Aller en Amérique. Ils emporteraient jusqu’au dernier élément d’information dont ils disposaient. Au diable Stuart et Tessa. Stuart les avait lâchés. Il les avait déçus pour la dernière fois. Ils emporteraient avec eux le souvenir de la foi et de la conviction de Stuart, sa vénération pour le mystère. Mais ce serait tout.

D’abord, ils prendraient un appartement à La Nouvelle-Orléans, puis ils commenceraient leur surveillance systématique des sorcières Mayfair. Cela pouvait prendre des années mais tous les deux avaient de l’argent. Marklin en avait un peu et Tommy était multimillionnaire. C’était lui qui avait tout payé jusque-là, mais Marklin pouvait subvenir sans problème à ses propres besoins. Ils pourraient même s’inscrire à l’université. Pourquoi pas ?

Dès qu’ils verraient les Mayfair, le bon temps reviendrait.

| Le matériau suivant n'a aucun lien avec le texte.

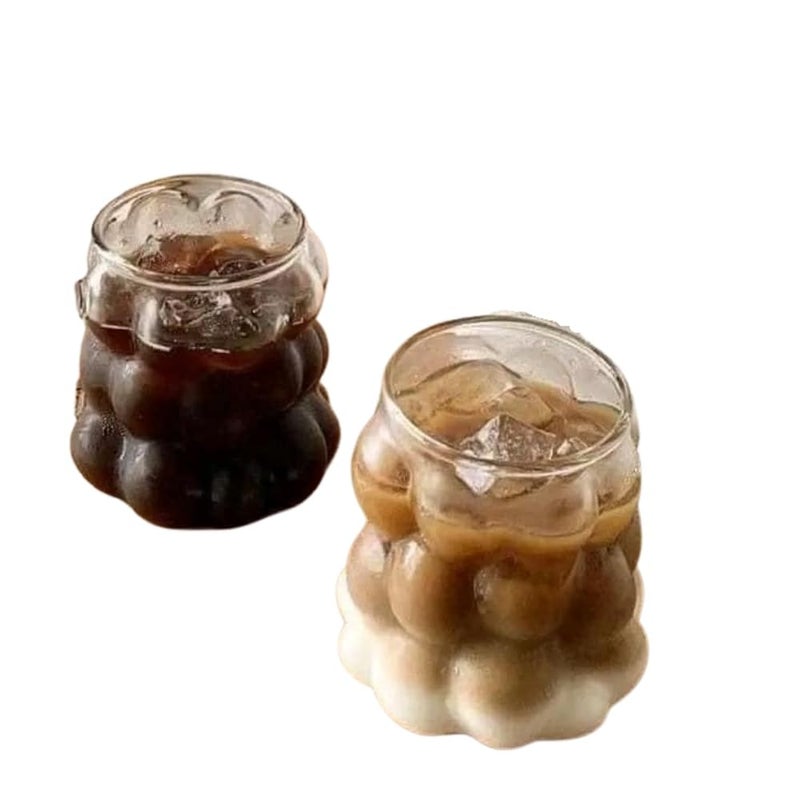 Drinking Bubble Glass Beer Glasses Bubble Shaped Glass Cups, Tumbler for Cold Coffee, Smoothies, Juice, Soda, Any Drink 310 mL (Pack of 2) - Image 1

La cloche, mon Dieu, la cloche !

Les sorcières Mayfair. Il aurait aimé se trouver à Regent’s Park avec le dossier. Toutes ces photos, les derniers rapports d’Aaron. Michael Curry. Aaron avait d’abondantes notes sur Michael Curry. C’était l’homme capable d’engendrer le monstre. L’homme que Lasher avait choisi dès son enfance. Les rapports d’Aaron, enthousiastes mais, sur la fin, soucieux et inquiets, étaient très clairs sur ce point.

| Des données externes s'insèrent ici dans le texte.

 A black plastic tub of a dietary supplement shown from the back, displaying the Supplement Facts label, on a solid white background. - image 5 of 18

Un homme ordinaire pouvait-il acquérir des pouvoirs de sorcier ? Si seulement il s’agissait d’un simple pacte avec le diable ! Et s’il pouvait lui-même acquérir le pouvoir télékinésique du sorcier par transfusion ? Stupide ! Quels pouvoirs ils avaient, ces deux-là ! Rowan Mayfair, médecin et sorcière ; Michael Curry, procréateur de la belle bête.

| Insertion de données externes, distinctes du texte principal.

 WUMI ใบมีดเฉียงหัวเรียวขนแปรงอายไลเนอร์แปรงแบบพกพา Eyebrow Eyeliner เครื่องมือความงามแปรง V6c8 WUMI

Qui l’avait surnommé « la belle bête », déjà ? Était-ce Stuart ? Mais où était-il, celui-là ? Salaud de Stuart, vous vous êtes enfui comme un animal apeuré. Vous nous avez quittés sans le moindre coup de téléphone ni le moindre message.

Poursuivre sans Stuart. Bon ! Mais comment se procurer les documents d’Aaron chez sa femme américaine ?

L’essentiel était de quitter la maison mère sans ternir leur réputation. Il fallait demander un congé sans éveiller les soupçons.

Il ouvrit les yeux. Partir d’ici. Pas une minute à perdre. Mais la cloche… C’était le signal de la cérémonie funèbre.

— Réveille-toi, Tommy, dit-il.

Tommy s’était endormi sur la chaise du bureau, la tête penchée en avant. Ses lunettes avaient glissé sur le bout de son nez arrondi.

— Tommy, la cloche !

Marklin s’assit, défroissa ses vêlements du mieux qu’il put et sortit du lit.

Il secoua Tommy par l’épaule.

L’espace de quelques secondes, Tommy eut l’air hagard de quelqu’un qui, au réveil, met un moment à recouvrer ses esprits.

— Oui, la cloche, dit-il en passant ses doigts dans sa tignasse rousse. Enfin ! la cloche !

Ils se débarbouillèrent le visage chacun son tour. Marklin prit un morceau de mouchoir en papier, l’enduisit du dentifrice de Tommy et se frotta les dents avec. Il n’avait pas le temps de se raser. Aller à Regent’s Park, prendre le nécessaire et attraper le premier avion pour l’Amérique.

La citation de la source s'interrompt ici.